DATA
++++++++
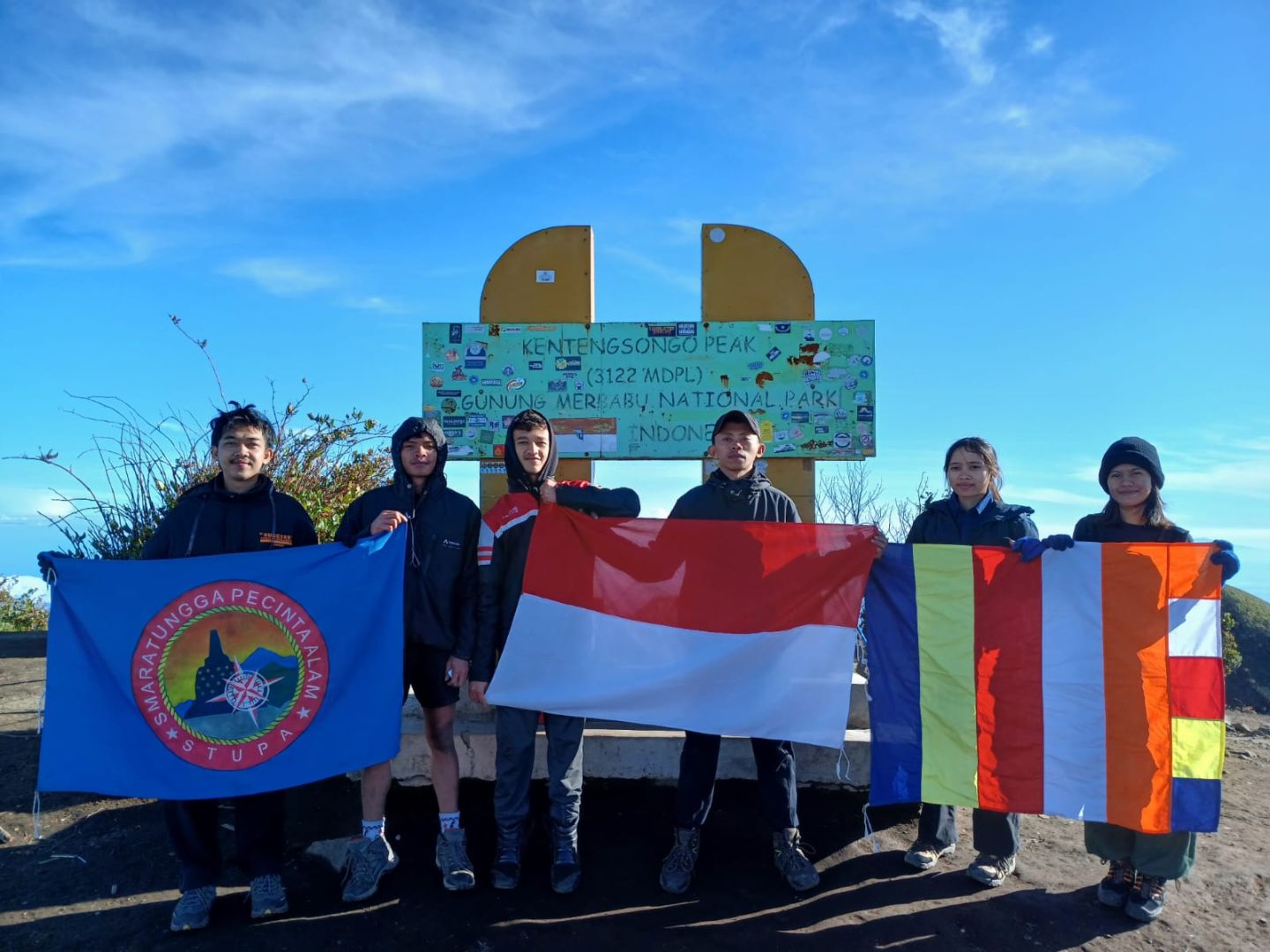 Pengibaran Bendera Buddhis di Gunung Merbabu oleh UKM Stupa Smaratungga: Awali Waisak 2569 BE dengan Semangat Dharma
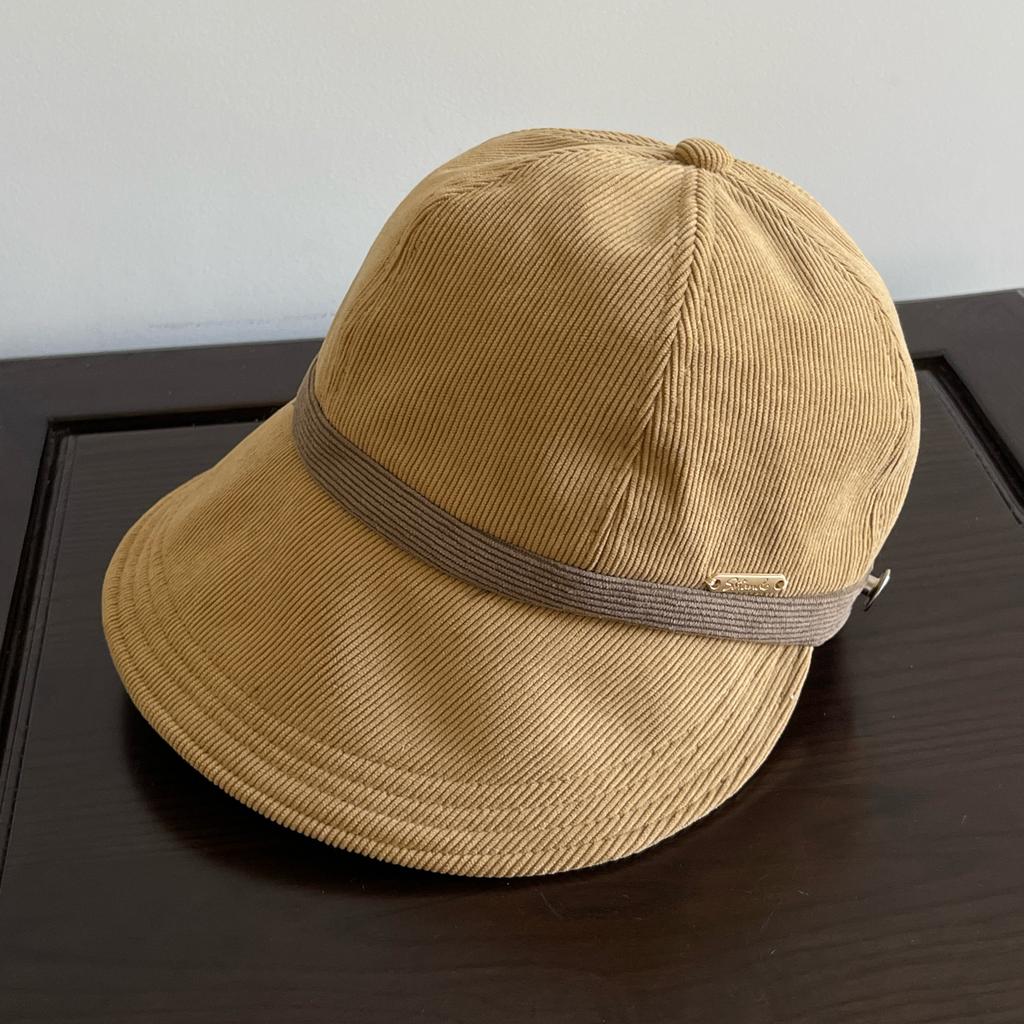 Women's Autumn and Winter Fashion Peaked Cap with Large Brim Small Face Fashionable Versatile  Foreign Style  Corduroy Hat with Hanging Earmuffs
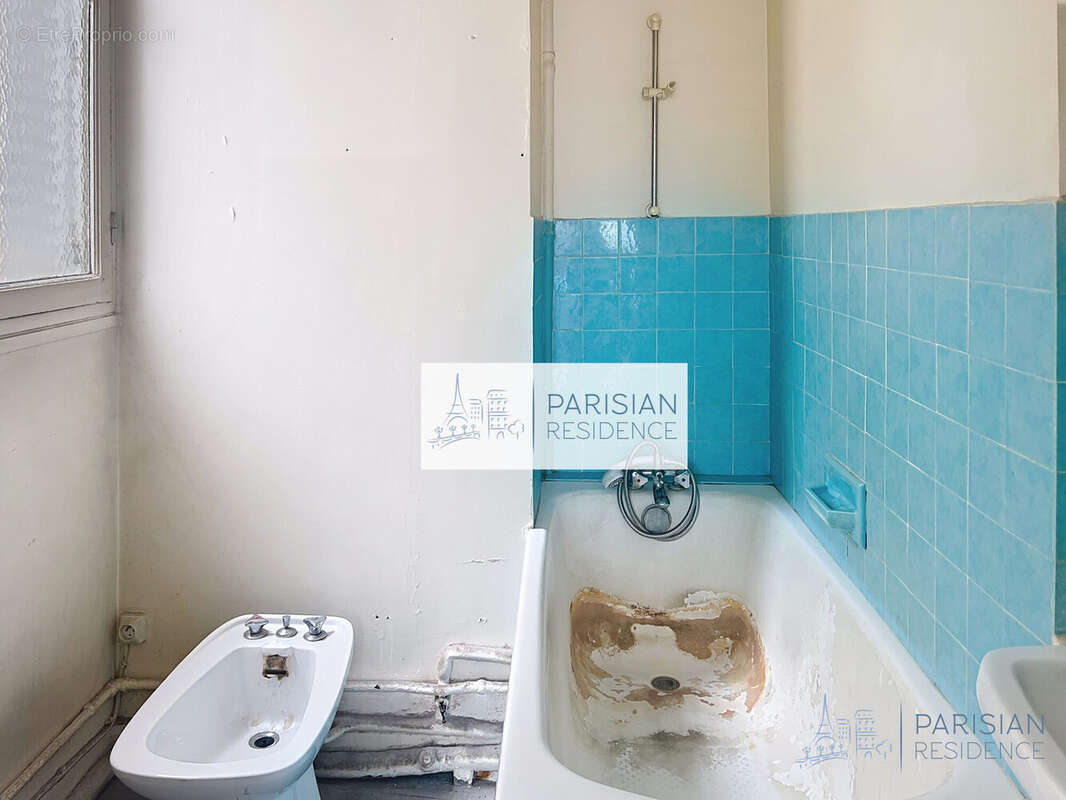 Appartement à PARIS-7E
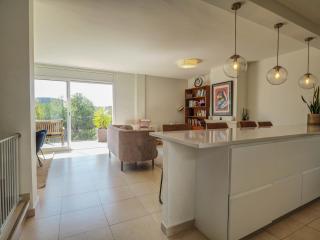 Villa Riera by Hello Homes Sitges - 2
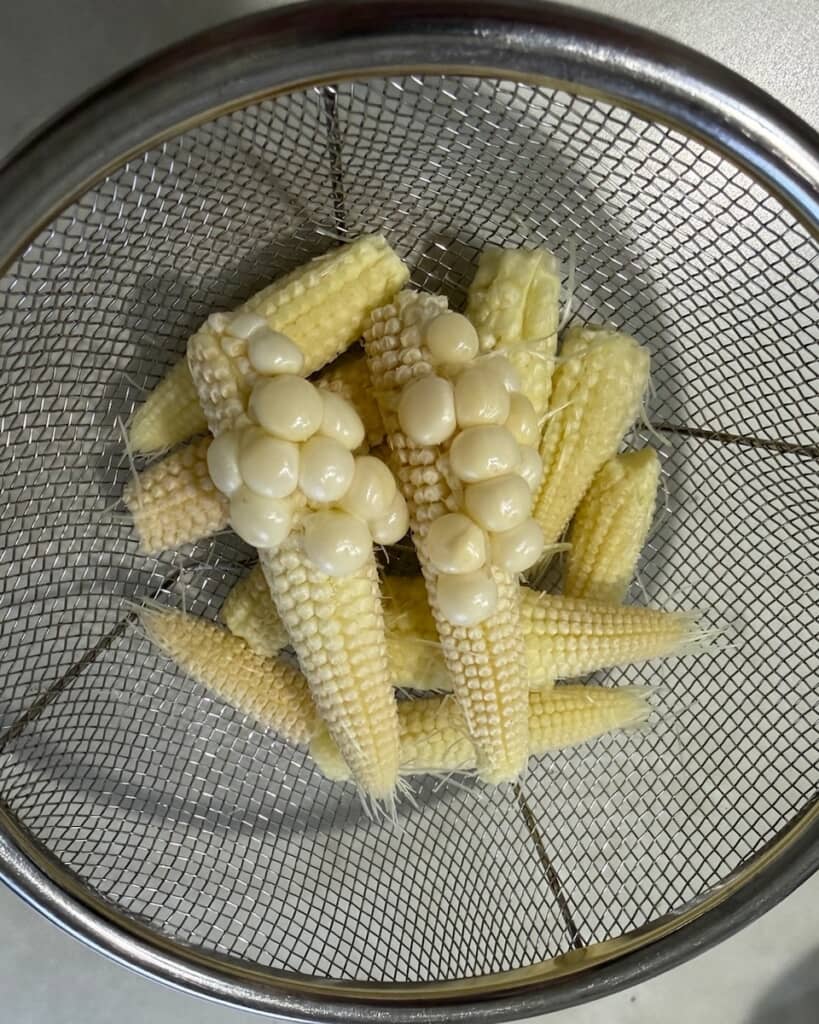 ちょっと不気味な見た目……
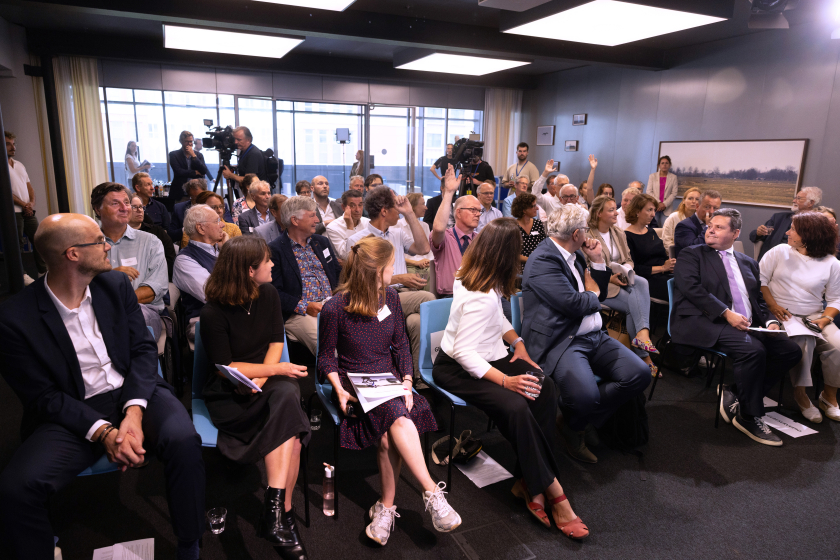 Zaal met mensen bij overhandiging rapport Nu samen stappen maken. Foto: Dirk Hol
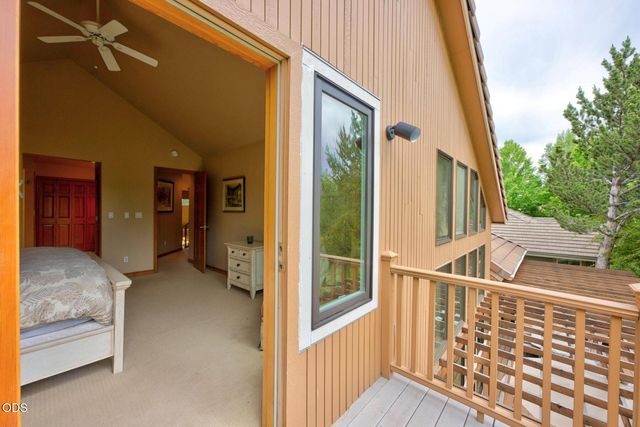 62028 Fall Creek Loop, Bend, OR 97702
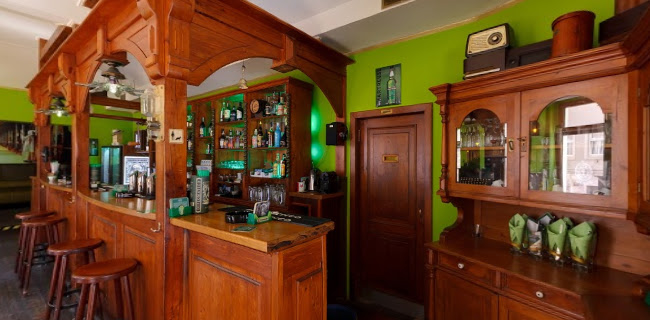 Chartreuse bar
++++++++
All the material above should be written out exactly, with images omitted.

SOLUTION
 Pengibaran Bendera Buddhis di Gunung Merbabu oleh UKM Stupa Smaratungga: Awali Waisak 2569 BE dengan Semangat Dharma
 Women's Autumn and Winter Fashion Peaked Cap with Large Brim Small Face Fashionable Versatile  Foreign Style  Corduroy Hat with Hanging Earmuffs
 Appartement à PARIS-7E
 Villa Riera by Hello Homes Sitges - 2
 ちょっと不気味な見た目……
 Zaal met mensen bij overhandiging rapport Nu samen stappen maken. Foto: Dirk Hol
 62028 Fall Creek Loop, Bend, OR 97702
 Chartreuse bar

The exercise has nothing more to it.